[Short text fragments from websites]
*** Block opens ***

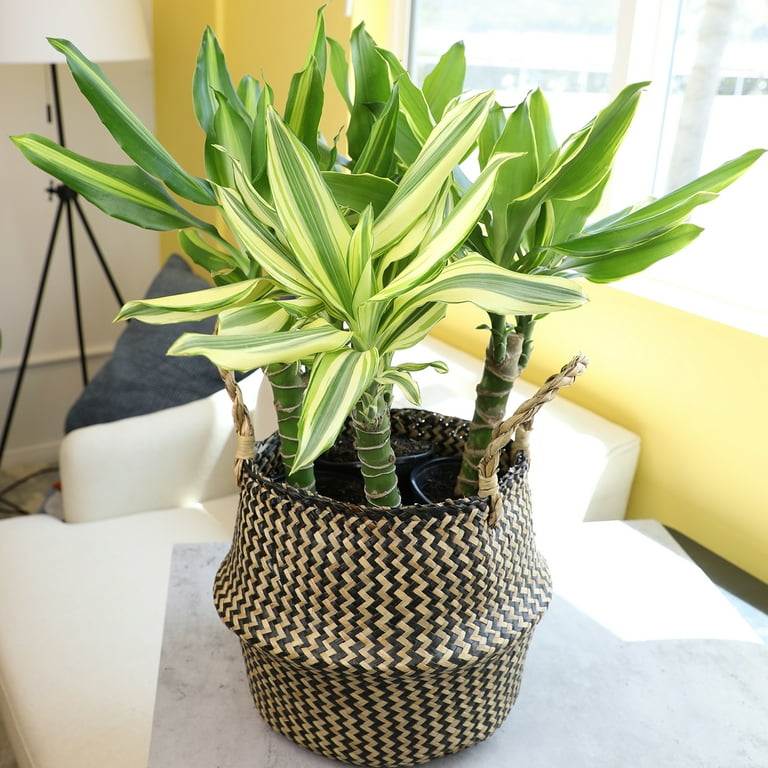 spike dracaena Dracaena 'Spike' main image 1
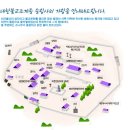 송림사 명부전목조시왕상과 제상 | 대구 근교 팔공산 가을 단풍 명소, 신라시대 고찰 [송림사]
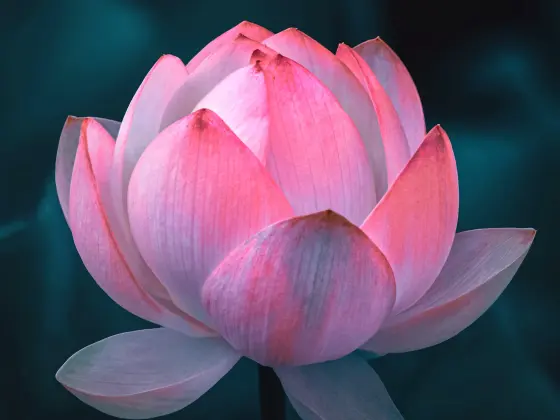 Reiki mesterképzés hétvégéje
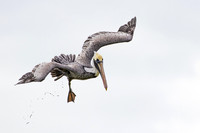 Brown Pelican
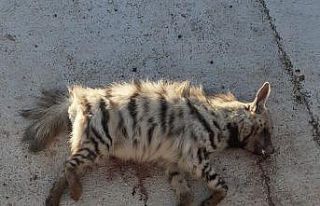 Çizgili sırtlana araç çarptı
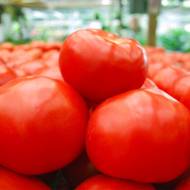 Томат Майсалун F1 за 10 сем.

*** Block closes ***
*** Block opens ***

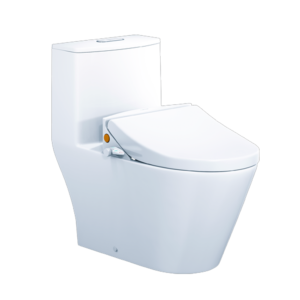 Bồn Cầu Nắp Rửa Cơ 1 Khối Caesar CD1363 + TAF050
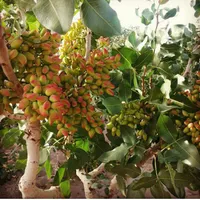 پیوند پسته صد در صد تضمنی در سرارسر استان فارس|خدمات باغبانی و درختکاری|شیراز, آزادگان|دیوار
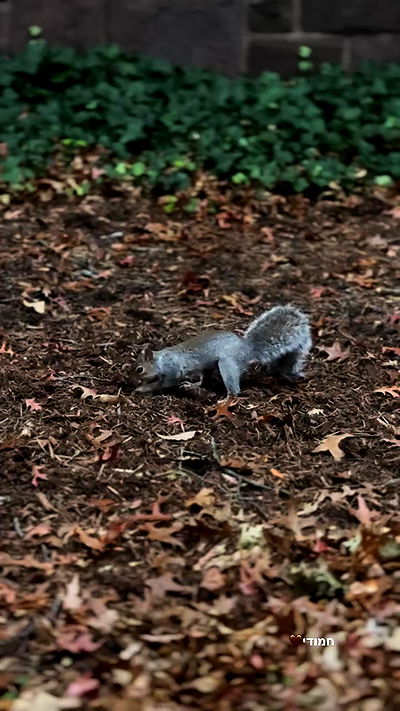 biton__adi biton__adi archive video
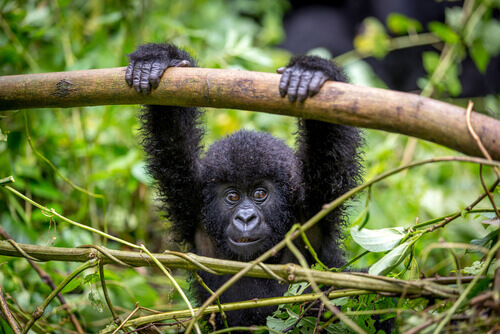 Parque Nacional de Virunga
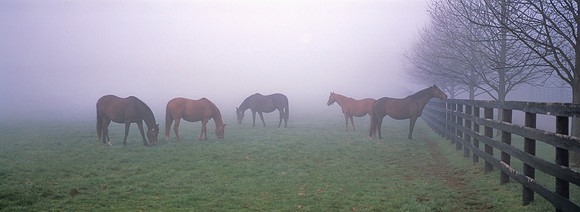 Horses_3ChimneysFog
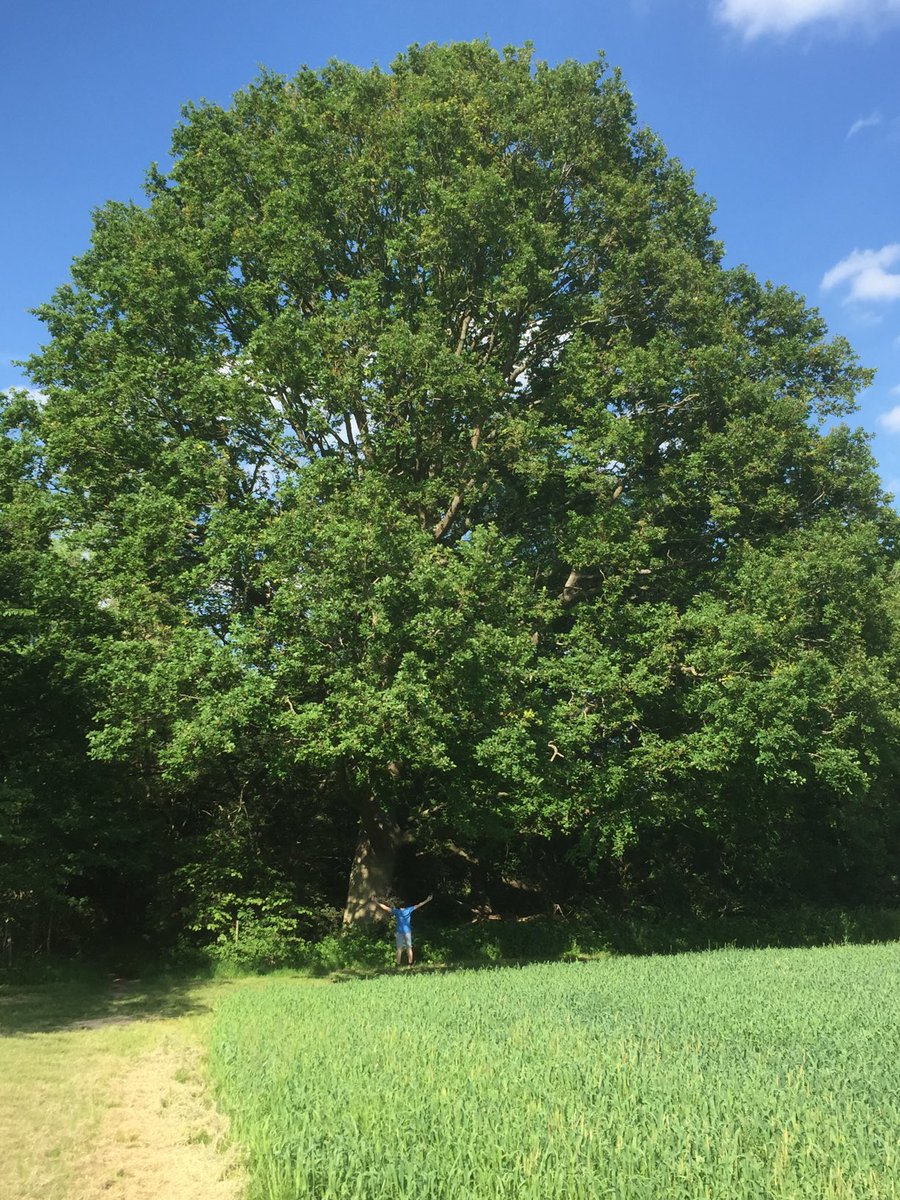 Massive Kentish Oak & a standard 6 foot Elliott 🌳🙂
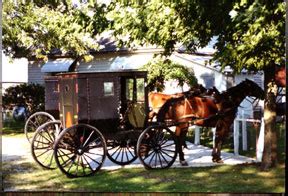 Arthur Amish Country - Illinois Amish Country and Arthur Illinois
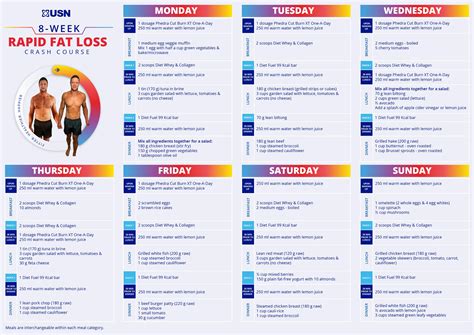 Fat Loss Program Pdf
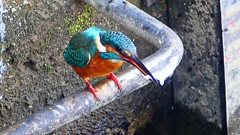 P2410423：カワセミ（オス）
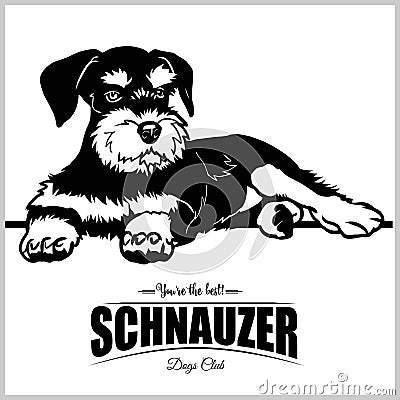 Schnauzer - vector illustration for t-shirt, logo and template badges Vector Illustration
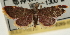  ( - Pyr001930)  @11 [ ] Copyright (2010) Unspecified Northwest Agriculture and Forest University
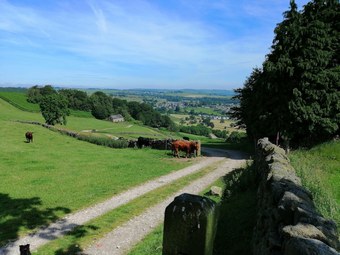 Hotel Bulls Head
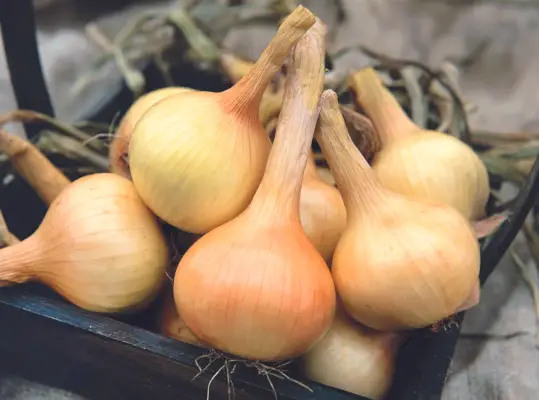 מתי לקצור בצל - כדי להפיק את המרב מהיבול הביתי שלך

*** Block closes ***

In the entries above, which lines run from the one with "Parque Nacional de Virunga" up to and including the one with "מתי לקצור בצל"? Write them out exactly, without the pictures.

→ SOLVED EXERCISE:
 Parque Nacional de Virunga
 Horses_3ChimneysFog
 Massive Kentish Oak & a standard 6 foot Elliott 🌳🙂
 Arthur Amish Country - Illinois Amish Country and Arthur Illinois
 Fat Loss Program Pdf
 P2410423：カワセミ（オス）
 Schnauzer - vector illustration for t-shirt, logo and template badges Vector Illustration
  ( - Pyr001930)  @11 [ ] Copyright (2010) Unspecified Northwest Agriculture and Forest University
 Hotel Bulls Head
 מתי לקצור בצל - כדי להפיק את המרב מהיבול הביתי שלך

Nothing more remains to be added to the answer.